Access Speed: Target <6 hours from symptom to first clinical interaction for 90% of routine needs (currently 20+ days on average). Uber proved that minutes-to-service is achievable with proper platform infrastructure.

Workforce Transformation: Achieve >50% of appropriate primary care delivered by non-physician teams (currently 14-25.6% in Medicare), guided by evidence that nurse-led care equals physician outcomes. Computing democratization showed how millions could participate when tools simplified complex work.

Cost Trajectory: Healthcare episodes should get cheaper annually, like technology products, not rise 1.7 percentage points above general inflation. Battery costs fell 89% in 14 years, and healthcare has similar improvement potential through appropriate care routing and waste elimination.

Quality Improvement: Track clinical outcomes, not just utilization. Democratization should improve quality through appropriate care routing, reduced wait-driven complications, and proactive rather than reactive care management. Technology enables this; coordination complexity has prevented it.

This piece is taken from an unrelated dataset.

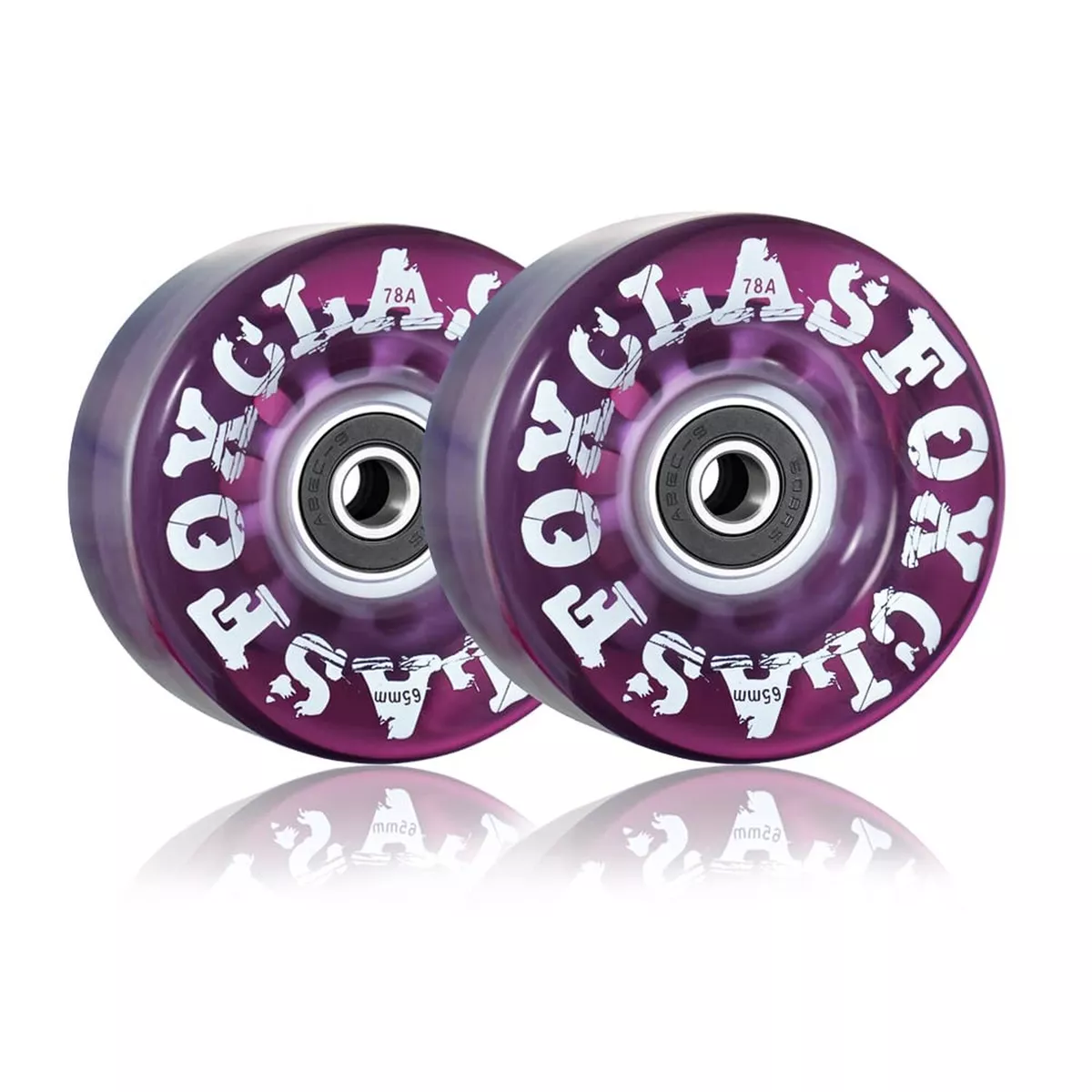 CLAS FOX 78A Indoor or Outdoor 65x35mm Quad Roller Skate Wheels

Market Penetration: Consumer adoption of transparent, digital-first care options. Entertainment democratization reached 37 million creators; healthcare should enable similar participation in care delivery and management.

The Coordination Advantage

Healthcare's democratization differs from other industries in one critical dimension: coordination complexity is the primary barrier, not technology limitations.

Entertainment, mobility, and computing democratized when technology made production and distribution nearly free. Healthcare already has the technology for dramatic improvement. What's missing is the ability to coordinate change across employers (who fund care), insurers (who adjudicate payment), providers (who deliver care), and consumers (who navigate the system), each operating under different constraints and incentives.

This creates both challenge and opportunity. The challenge is that unilateral action produces suboptimal results; one health system can't democratize healthcare alone. The opportunity is that whoever solves multi-stakeholder coordination builds a sustainable moat. Technology can be copied; coordinated ecosystems with aligned incentives cannot.

The Path Forward

Healthcare democratization is inevitable, not despite complexity, but because complexity has become unsustainable. Within a decade, health systems will bifurcate into infrastructure orchestrators who coordinate value across stakeholders and procedure factories who compete on price for commoditized services.

The transformation will take 15-20 years, but strategic positioning must happen in the next 3-5 years while regulatory frameworks are still fluid. Early movers will capture disproportionate value despite, or because of, regulatory complexity that protects those who establish compliant infrastructure first.

The economic forces that democratized entertainment, communication, and mobility are now present in healthcare. The question isn't whether this transformation will occur; it's which organizations will orchestrate the stakeholder alignment versus being disrupted by those who solve coordination better.

Those waiting for perfect policy alignment will discover the market doesn't wait for consensus among fragmented interests. The window for strategic positioning is narrowing. Choose wisely.